(Beginning of Data section)

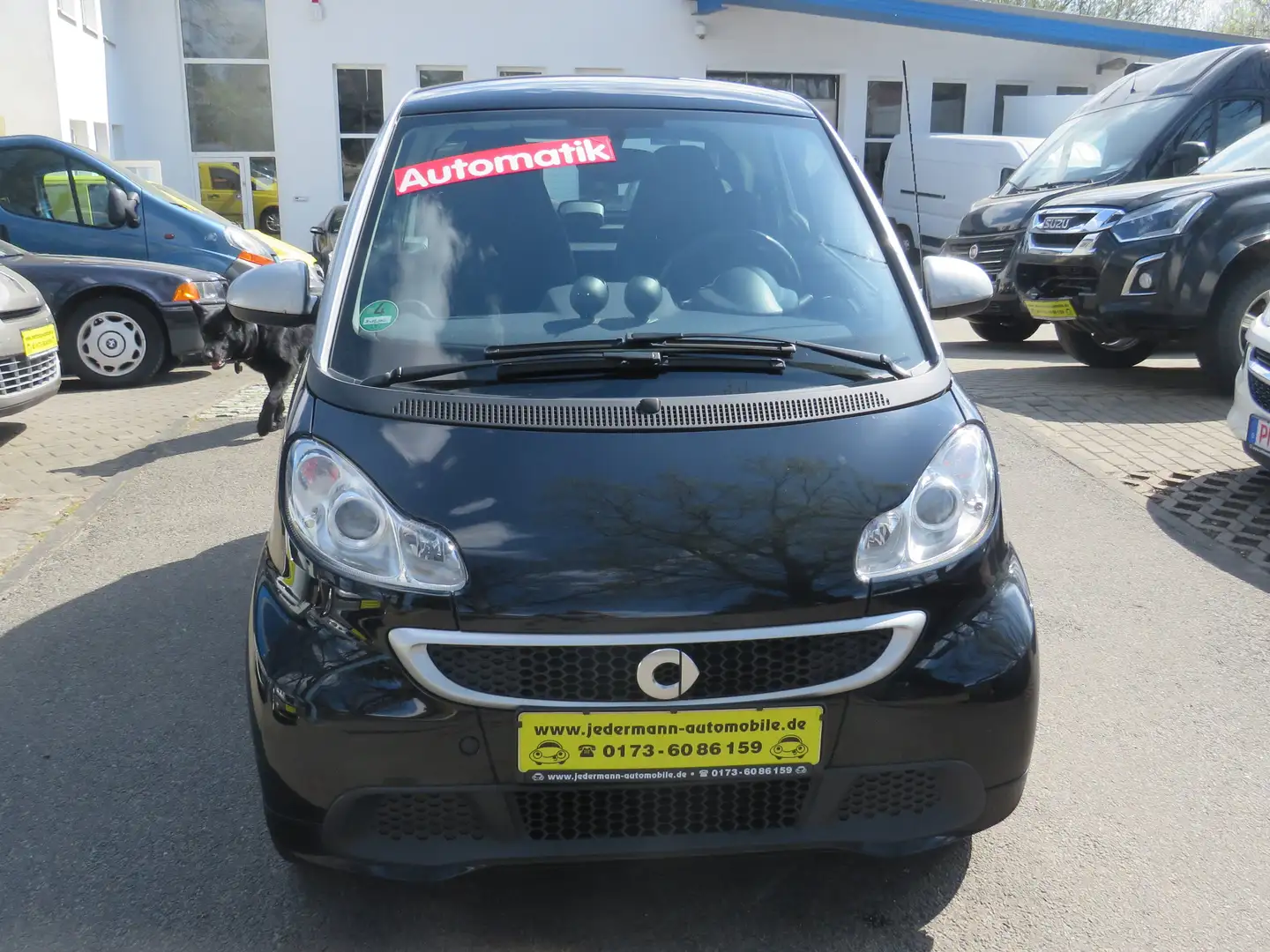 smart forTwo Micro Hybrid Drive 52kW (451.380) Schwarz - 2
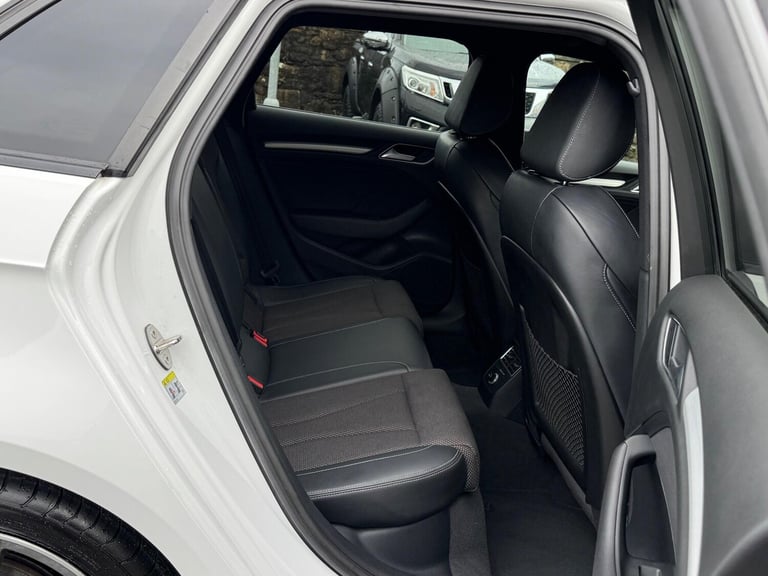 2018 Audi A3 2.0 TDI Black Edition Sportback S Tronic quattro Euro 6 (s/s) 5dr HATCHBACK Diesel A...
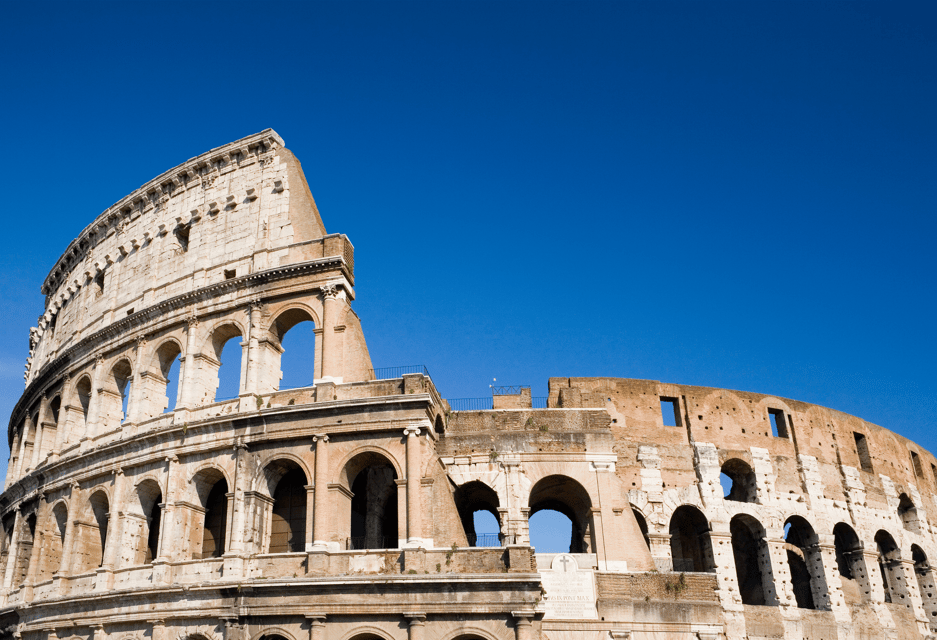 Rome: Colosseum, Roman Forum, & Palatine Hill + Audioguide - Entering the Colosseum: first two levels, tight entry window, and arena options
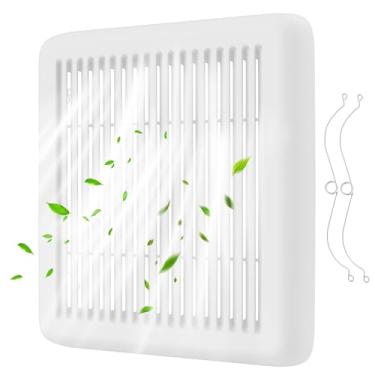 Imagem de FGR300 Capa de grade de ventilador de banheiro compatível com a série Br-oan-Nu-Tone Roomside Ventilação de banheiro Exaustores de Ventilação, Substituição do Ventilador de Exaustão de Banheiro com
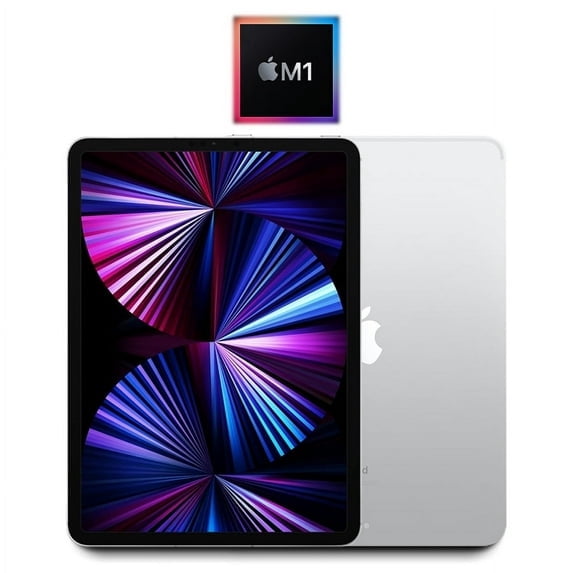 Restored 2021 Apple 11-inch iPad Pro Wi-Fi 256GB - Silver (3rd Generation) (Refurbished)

(End of Data section)

Task to carry out:
Repeat the lines exactly as they stand, from the opening line of the data through the line with "Imagem de FGR300". Pictures stay out of the copy.

Result of this task:
 smart forTwo Micro Hybrid Drive 52kW (451.380) Schwarz - 2
 2018 Audi A3 2.0 TDI Black Edition Sportback S Tronic quattro Euro 6 (s/s) 5dr HATCHBACK Diesel A...
 Rome: Colosseum, Roman Forum, & Palatine Hill + Audioguide - Entering the Colosseum: first two levels, tight entry window, and arena options
 Imagem de FGR300 Capa de grade de ventilador de banheiro compatível com a série Br-oan-Nu-Tone Roomside Ventilação de banheiro Exaustores de Ventilação, Substituição do Ventilador de Exaustão de Banheiro com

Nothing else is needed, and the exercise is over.